Entries follow. Give back exactly the lines starting at the one containing "img_1437 Giuseppe Zanotti" and ending at the one containing "Betonszürke szerelt fa", and no other lines.

------

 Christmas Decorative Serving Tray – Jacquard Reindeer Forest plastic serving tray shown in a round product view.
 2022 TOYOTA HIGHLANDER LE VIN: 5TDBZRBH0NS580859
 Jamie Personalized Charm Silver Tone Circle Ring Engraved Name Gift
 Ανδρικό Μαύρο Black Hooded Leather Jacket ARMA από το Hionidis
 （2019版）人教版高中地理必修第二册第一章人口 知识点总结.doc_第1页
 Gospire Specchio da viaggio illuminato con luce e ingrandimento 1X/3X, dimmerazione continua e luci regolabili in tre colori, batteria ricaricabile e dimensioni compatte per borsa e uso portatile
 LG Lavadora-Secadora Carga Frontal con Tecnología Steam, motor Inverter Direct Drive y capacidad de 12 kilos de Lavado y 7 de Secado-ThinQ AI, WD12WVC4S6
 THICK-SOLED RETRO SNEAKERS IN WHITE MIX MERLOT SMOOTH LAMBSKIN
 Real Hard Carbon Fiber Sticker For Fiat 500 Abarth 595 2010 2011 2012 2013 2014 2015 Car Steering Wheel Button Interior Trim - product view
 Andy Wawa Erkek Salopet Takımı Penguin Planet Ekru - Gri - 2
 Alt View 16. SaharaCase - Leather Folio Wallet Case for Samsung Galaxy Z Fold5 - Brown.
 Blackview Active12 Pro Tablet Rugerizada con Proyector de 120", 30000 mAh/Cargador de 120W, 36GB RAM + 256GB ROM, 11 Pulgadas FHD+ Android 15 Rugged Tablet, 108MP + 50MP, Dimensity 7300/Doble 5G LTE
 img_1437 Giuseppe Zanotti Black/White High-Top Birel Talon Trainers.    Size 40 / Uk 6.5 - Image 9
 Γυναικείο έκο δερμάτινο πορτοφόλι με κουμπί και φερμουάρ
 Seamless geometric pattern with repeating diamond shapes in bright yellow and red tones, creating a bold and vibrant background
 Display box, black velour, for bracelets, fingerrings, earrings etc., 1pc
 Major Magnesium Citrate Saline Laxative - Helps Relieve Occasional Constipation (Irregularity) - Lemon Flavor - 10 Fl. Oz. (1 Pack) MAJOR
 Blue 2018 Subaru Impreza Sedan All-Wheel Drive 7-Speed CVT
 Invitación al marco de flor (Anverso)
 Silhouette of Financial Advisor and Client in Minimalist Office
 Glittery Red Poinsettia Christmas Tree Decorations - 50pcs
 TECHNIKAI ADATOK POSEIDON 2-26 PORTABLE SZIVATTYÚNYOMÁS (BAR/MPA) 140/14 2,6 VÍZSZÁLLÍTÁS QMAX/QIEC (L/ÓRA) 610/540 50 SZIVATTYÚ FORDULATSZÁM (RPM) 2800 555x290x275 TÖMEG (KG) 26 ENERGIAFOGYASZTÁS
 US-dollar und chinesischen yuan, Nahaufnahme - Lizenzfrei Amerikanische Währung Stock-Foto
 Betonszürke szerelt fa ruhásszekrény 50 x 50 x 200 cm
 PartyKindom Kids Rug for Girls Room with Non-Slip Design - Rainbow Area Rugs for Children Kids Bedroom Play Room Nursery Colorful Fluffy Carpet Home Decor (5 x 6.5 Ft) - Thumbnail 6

------

* [Solution to this task]:
 img_1437 Giuseppe Zanotti Black/White High-Top Birel Talon Trainers.    Size 40 / Uk 6.5 - Image 9
 Γυναικείο έκο δερμάτινο πορτοφόλι με κουμπί και φερμουάρ
 Seamless geometric pattern with repeating diamond shapes in bright yellow and red tones, creating a bold and vibrant background
 Display box, black velour, for bracelets, fingerrings, earrings etc., 1pc
 Major Magnesium Citrate Saline Laxative - Helps Relieve Occasional Constipation (Irregularity) - Lemon Flavor - 10 Fl. Oz. (1 Pack) MAJOR
 Blue 2018 Subaru Impreza Sedan All-Wheel Drive 7-Speed CVT
 Invitación al marco de flor (Anverso)
 Silhouette of Financial Advisor and Client in Minimalist Office
 Glittery Red Poinsettia Christmas Tree Decorations - 50pcs
 TECHNIKAI ADATOK POSEIDON 2-26 PORTABLE SZIVATTYÚNYOMÁS (BAR/MPA) 140/14 2,6 VÍZSZÁLLÍTÁS QMAX/QIEC (L/ÓRA) 610/540 50 SZIVATTYÚ FORDULATSZÁM (RPM) 2800 555x290x275 TÖMEG (KG) 26 ENERGIAFOGYASZTÁS
 US-dollar und chinesischen yuan, Nahaufnahme - Lizenzfrei Amerikanische Währung Stock-Foto
 Betonszürke szerelt fa ruhásszekrény 50 x 50 x 200 cm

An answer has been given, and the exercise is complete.